Jakarta, Aktual.com — Pakar hukum tata negara dari Universitas Parahyagan, Bandung, Jawa Barat, Asep Warlan Yusuf menilai, surat edaran ujaran kebencian atau hate speech tidak bisa dikenakan kepada para pengkritik kekuasaan. Hate speech itu hanya bisa dikenakan jika hal itu menghina tuhan, agama atau nabi.
“Kalau seperti yang diisiukan kan masyarakat juga sepertinya akan kena pasal yang bisa dianggap menghina penguasa. Ini yang bisa ditafsir luas dan karet karena tidak ada ukuran yang jelas,” kata dia ketika dihubungi, Jumat (6/11).
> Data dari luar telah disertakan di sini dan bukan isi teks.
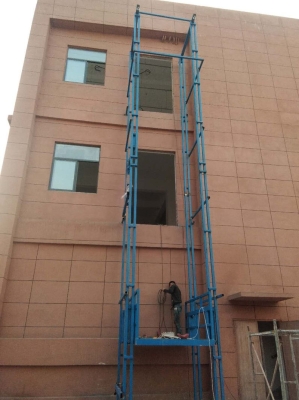 赤峰液壓貨梯廠家電話號碼-第1張圖片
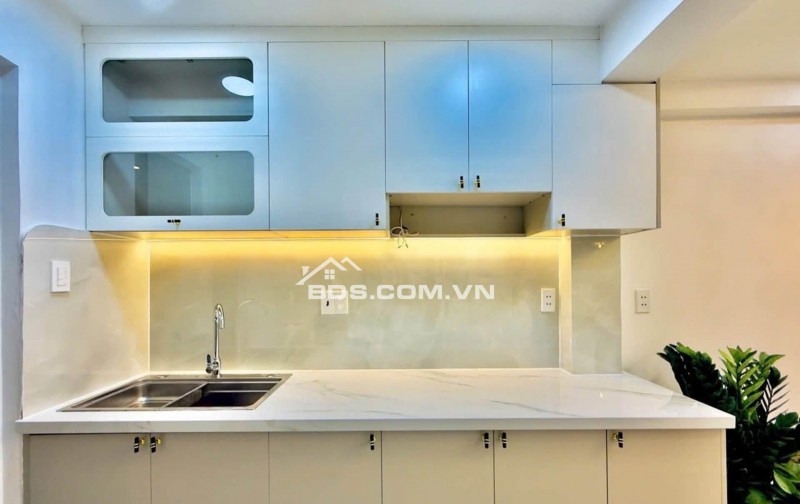 Nhà đẹp FULL NỘI THẤT hẻm xe hơi - ngay đường Nguyễn Kiệm - Thích Quảng Đức. Khu dân trí cao an ninh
Kritik kepada para pejabat atau kekuasaan, menurut Asep justru menghidupkan demokrasi. Hal ini, sambung dia, biasa di dalam demokrasi. “Kritik ataupun berbagai bentuk ekpresi lainnya yang dilontarkan masyarakat kepada para pejabat atau kekuasaan adalah bentuk dari ekspresi ketidakpuasan. Ini kan biasa saja,” kata dia.
Penguasa menurutnya juga tidak perlu takut dikritik karena jika memang penguasa itu amanah, maka tentunya kritik pun tidak akan banyak. “Saya membaca ada office boy di Probolinggo, yang kena pasal karena membuat ‘meme’ yang dianggap menghina polisi. ‘Meme’ seperti itu kan tidak akan muncul kalau masyarakat puas akan kinerja polisi,” kata dia.
Dia pun mengingatkan Kapolri Jendral (Pol) Badrodin Haiti, pasal penghinaan yang dulu diatur dalam pasal 95 KUHP telah dihapus oleh MK. “Dulu ada pasal perbuatan tidak menyenangkan. Itu sudah dicabut oleh MK. Kalau pasal ini coba dihidupkan kembali lewat SE Kapolri maka ini ancaman bagi orang yang kritis,” ujar dia.
Dia pun mengingatkan Presiden Jokowi untuk menjaga kebebasan berekspresi masyarakat. “Dulu kan Jokowi naik daun juga karena peran sosial media.Kenapa sekarang menjadi takut dan khawatir dengan berbagai kritik yang muncul di sosial media?” kata dia.